To compare the treatment effects on viability of purslane seeds, nutsedge tubers, V. dahliae, and P. ultimum levels, the nonparametric Kruskal-Wallis tests were used to avoid the assumptions of normality and homogeneity of variance. For pairwise comparisons, the pairwise Wilcoxon rank sum tests were implemented (Hollander and Wolfe, 1973). To respect a fixed significance level in the multiple comparisons (α = 0.05), P values were adjusted using the correction method suggested by Benjamini and Hochberg (1995).

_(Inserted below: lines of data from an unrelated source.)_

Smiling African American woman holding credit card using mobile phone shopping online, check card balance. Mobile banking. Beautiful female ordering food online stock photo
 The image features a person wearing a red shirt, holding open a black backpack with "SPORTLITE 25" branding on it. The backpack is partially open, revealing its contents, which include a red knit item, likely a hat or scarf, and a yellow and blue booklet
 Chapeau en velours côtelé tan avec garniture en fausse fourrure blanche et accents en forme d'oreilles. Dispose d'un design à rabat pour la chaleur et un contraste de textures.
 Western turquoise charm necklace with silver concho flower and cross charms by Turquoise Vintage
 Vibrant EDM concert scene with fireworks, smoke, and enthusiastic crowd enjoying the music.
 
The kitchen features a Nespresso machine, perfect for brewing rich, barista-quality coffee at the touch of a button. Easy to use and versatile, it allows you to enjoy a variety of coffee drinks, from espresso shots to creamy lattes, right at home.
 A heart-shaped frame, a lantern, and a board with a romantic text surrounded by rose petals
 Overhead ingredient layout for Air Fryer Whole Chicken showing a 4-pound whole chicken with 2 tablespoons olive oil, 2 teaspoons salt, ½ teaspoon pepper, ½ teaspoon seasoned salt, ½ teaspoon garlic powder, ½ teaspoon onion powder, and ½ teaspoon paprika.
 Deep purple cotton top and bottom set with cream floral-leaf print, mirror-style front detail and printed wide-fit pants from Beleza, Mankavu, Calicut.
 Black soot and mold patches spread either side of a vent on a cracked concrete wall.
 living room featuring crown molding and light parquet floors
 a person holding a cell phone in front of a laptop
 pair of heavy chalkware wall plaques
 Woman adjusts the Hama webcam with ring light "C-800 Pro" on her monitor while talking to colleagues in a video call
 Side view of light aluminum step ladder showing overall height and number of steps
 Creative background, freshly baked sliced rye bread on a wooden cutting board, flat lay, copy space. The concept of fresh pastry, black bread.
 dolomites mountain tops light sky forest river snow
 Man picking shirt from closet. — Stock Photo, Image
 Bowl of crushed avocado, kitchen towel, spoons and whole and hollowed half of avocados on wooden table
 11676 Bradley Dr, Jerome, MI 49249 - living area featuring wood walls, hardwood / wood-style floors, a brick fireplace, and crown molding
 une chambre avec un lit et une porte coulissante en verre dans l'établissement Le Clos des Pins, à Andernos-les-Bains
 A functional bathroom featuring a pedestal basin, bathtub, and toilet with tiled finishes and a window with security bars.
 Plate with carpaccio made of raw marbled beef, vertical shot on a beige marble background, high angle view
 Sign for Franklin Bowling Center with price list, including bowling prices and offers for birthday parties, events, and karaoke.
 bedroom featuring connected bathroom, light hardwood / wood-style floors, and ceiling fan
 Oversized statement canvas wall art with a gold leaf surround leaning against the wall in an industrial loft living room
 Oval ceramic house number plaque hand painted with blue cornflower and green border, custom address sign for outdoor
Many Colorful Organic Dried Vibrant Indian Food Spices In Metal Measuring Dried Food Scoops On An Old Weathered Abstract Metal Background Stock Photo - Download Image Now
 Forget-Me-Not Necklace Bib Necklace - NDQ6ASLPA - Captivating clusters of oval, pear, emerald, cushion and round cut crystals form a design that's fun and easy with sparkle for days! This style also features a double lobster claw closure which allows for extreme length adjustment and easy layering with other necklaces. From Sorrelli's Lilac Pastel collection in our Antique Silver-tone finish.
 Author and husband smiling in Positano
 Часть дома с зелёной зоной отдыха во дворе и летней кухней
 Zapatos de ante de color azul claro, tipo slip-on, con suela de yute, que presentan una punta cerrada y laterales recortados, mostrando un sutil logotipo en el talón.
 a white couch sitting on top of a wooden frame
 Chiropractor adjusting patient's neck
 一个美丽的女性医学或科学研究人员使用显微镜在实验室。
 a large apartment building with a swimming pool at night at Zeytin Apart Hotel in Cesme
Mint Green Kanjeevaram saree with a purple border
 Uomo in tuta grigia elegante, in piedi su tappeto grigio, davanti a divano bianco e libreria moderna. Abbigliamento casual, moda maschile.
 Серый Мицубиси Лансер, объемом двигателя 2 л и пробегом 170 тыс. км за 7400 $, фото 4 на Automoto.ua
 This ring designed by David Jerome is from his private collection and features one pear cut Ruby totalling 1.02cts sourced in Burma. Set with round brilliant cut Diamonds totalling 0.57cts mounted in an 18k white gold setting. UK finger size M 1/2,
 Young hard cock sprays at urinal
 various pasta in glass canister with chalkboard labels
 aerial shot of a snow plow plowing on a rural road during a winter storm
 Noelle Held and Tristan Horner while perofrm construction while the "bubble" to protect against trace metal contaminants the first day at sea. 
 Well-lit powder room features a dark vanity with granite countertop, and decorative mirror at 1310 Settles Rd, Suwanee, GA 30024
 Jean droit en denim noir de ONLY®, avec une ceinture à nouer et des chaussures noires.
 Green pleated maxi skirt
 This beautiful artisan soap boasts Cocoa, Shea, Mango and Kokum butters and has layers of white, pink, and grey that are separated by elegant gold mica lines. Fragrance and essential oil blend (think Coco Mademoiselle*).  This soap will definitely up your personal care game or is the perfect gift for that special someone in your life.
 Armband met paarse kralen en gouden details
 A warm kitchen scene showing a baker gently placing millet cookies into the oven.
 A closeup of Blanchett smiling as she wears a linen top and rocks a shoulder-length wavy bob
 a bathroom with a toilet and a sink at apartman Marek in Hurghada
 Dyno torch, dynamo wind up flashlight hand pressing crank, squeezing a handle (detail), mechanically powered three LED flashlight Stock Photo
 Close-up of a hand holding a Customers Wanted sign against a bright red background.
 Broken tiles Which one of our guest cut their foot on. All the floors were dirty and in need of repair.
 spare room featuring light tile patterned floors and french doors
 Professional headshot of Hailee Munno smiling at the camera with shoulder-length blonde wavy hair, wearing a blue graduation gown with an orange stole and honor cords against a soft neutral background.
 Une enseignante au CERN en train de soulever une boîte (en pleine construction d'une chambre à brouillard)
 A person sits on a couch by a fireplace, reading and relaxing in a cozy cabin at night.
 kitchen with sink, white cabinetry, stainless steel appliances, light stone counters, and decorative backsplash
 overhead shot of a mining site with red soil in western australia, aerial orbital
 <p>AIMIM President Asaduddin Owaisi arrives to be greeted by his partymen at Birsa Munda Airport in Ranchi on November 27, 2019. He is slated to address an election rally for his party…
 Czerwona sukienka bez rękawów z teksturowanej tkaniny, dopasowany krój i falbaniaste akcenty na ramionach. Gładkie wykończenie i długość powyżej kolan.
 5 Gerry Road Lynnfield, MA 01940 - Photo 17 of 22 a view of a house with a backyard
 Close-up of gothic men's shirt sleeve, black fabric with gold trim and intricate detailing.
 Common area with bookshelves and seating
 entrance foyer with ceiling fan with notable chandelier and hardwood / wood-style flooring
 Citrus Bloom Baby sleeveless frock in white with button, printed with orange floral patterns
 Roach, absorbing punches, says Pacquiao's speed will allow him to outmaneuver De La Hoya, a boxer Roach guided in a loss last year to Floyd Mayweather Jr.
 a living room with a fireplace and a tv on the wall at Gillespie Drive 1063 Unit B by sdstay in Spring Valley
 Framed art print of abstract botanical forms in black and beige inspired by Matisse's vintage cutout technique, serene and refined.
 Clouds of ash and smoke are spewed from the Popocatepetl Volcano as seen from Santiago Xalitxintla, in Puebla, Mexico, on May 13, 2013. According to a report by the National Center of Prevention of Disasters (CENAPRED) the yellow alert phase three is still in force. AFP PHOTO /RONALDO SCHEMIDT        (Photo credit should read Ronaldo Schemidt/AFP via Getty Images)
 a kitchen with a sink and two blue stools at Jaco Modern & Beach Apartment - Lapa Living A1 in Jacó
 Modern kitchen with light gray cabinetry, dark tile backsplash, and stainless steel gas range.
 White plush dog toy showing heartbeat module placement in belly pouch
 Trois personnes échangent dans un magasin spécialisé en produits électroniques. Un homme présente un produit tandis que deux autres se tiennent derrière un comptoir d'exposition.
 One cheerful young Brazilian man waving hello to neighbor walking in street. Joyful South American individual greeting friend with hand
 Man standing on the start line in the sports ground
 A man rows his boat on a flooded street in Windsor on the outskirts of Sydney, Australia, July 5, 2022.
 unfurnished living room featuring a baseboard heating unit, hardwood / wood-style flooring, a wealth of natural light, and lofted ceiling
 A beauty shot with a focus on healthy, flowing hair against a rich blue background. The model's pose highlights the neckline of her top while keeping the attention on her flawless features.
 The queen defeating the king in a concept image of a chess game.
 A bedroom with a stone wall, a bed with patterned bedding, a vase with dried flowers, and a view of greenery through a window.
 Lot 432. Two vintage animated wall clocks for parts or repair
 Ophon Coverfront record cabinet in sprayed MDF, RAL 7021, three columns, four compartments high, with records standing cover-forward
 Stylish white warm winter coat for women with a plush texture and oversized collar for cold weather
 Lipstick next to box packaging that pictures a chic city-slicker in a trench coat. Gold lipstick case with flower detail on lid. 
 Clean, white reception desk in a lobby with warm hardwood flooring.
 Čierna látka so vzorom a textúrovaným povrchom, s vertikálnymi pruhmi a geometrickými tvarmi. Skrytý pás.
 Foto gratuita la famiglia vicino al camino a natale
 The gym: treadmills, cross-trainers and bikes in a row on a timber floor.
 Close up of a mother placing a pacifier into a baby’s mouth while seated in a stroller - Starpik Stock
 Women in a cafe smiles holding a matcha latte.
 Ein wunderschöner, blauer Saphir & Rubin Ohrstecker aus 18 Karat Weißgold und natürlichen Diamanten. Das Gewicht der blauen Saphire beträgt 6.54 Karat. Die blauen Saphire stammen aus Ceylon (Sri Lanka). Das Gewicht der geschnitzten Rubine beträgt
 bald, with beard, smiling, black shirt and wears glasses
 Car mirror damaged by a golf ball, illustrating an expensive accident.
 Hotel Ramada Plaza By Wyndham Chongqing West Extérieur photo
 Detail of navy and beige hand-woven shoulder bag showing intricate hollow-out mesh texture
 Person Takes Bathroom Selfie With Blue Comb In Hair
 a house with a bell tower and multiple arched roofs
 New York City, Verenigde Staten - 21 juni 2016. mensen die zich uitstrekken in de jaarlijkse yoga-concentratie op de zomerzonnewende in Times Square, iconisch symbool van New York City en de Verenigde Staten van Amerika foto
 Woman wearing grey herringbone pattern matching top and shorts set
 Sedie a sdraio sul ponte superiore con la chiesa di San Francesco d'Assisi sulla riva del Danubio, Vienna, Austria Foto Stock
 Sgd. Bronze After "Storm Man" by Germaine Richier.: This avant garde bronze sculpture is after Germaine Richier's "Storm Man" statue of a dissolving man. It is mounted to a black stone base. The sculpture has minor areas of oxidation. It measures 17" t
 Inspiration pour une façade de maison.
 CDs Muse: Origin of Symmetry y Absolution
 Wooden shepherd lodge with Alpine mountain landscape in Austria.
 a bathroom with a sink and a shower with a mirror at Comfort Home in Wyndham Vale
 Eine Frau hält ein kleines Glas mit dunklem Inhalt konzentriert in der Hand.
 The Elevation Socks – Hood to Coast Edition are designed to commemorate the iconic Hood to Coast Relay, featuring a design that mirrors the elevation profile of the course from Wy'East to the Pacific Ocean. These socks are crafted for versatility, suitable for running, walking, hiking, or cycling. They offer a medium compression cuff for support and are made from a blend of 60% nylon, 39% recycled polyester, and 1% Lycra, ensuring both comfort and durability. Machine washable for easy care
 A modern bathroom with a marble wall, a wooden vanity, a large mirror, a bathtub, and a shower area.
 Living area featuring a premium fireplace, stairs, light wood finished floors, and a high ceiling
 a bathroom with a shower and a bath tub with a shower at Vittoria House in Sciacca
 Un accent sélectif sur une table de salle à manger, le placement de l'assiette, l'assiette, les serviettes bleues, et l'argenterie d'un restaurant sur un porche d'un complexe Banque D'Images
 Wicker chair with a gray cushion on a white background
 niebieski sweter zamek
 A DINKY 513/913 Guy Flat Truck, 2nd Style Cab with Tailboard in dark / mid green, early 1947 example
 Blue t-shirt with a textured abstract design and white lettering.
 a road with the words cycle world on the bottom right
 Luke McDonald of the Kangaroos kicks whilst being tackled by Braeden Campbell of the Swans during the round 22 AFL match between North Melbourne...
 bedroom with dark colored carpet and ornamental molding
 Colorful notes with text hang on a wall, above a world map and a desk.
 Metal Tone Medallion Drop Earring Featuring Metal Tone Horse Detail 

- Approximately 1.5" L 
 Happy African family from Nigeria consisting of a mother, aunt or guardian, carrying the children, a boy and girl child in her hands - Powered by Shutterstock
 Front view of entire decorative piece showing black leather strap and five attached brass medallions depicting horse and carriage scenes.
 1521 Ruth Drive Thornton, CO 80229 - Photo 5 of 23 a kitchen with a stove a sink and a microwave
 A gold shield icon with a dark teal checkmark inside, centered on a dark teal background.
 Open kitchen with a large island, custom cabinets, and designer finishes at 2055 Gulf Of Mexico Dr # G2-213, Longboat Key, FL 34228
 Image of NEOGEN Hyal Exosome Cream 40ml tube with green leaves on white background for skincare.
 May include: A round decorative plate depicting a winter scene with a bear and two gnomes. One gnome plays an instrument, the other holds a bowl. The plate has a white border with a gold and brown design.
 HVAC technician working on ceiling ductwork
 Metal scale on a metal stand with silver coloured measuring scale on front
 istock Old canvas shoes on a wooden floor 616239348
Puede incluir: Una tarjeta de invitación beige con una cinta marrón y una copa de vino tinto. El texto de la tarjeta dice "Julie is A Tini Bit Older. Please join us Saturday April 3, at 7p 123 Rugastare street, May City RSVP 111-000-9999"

Similar analyses were performed for cumulative weed density and biomass. To compare plant vigor and plant canopy, the mean separation was performed using Duncan’s multiple range test, and their estimated mean was graphically presented. These analyses were performed using SPSS 20.0 for Windows (SPSS Inc., Chicago, IL) and R version 4.0.2 (R Core Team, 2019).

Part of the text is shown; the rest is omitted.